Every line from the top of the records through the one bearing "SET 2 SCRUNCHIES" is to be reproduced exactly, and pictures are to be left out.

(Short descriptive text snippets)
☆ ☆ ☆ ☆ ☆ ☆ ☆

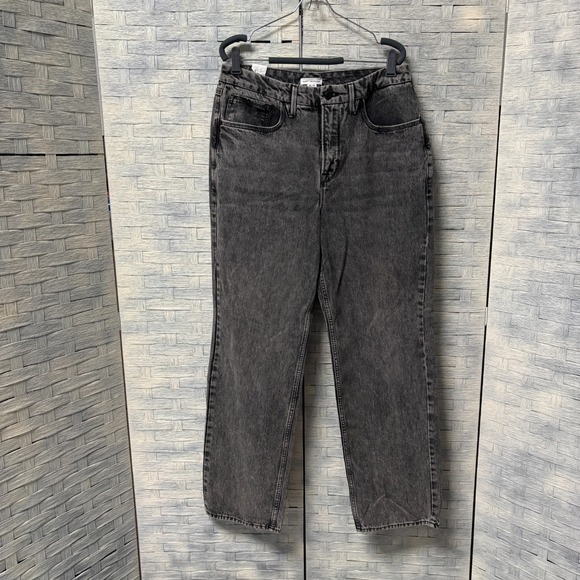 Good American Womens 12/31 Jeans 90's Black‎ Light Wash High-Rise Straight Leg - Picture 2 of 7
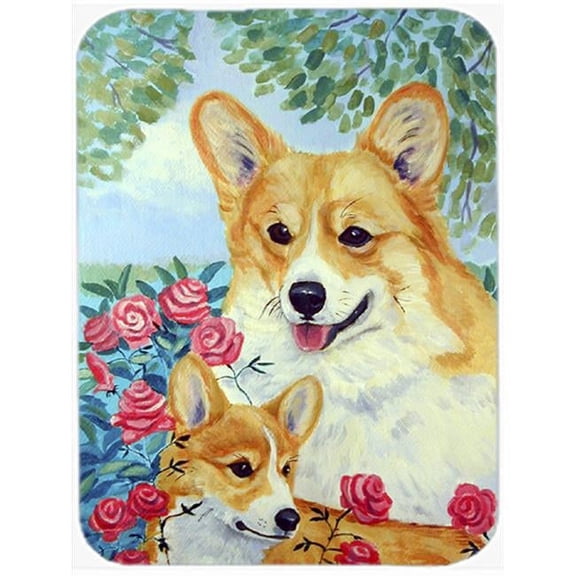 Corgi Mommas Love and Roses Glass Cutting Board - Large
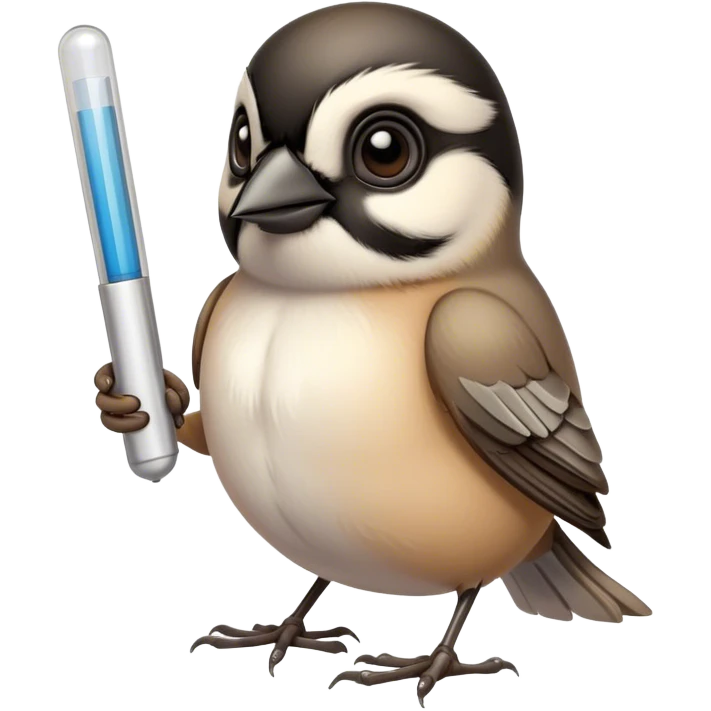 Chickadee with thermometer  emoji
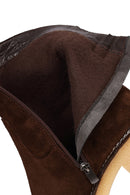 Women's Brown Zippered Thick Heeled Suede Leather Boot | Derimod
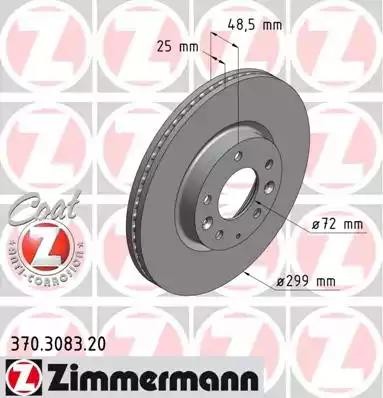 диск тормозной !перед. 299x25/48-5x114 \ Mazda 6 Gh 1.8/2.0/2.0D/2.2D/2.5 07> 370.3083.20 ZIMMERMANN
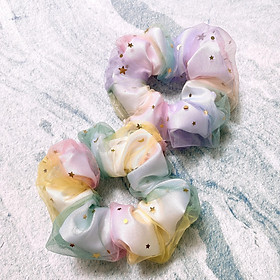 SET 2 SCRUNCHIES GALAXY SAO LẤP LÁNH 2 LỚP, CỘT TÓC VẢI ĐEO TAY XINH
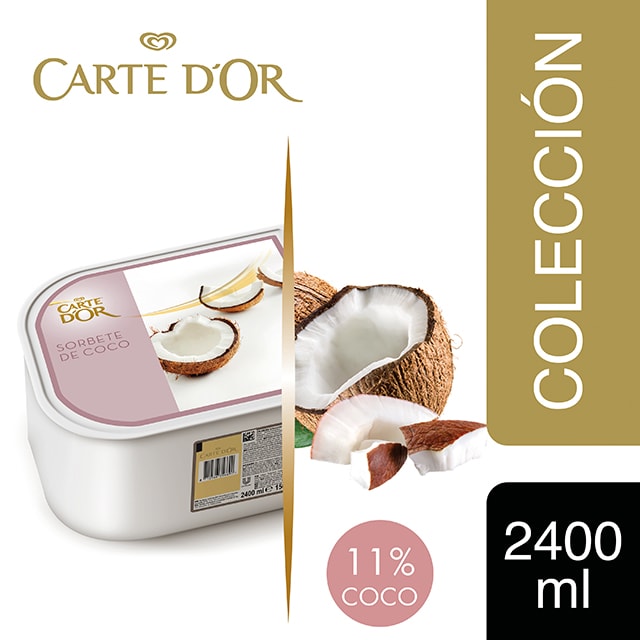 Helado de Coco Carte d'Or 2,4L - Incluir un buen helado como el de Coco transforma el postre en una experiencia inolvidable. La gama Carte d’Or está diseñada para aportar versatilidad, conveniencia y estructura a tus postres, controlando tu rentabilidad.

☆ ☆ ☆ ☆ ☆ ☆ ☆

- [Answer to this task]
 Good American Womens 12/31 Jeans 90's Black‎ Light Wash High-Rise Straight Leg - Picture 2 of 7
 Corgi Mommas Love and Roses Glass Cutting Board - Large
 Chickadee with thermometer  emoji
 Women's Brown Zippered Thick Heeled Suede Leather Boot | Derimod
 диск тормозной !перед. 299x25/48-5x114 \ Mazda 6 Gh 1.8/2.0/2.0D/2.2D/2.5 07> 370.3083.20 ZIMMERMANN
 SET 2 SCRUNCHIES GALAXY SAO LẤP LÁNH 2 LỚP, CỘT TÓC VẢI ĐEO TAY XINH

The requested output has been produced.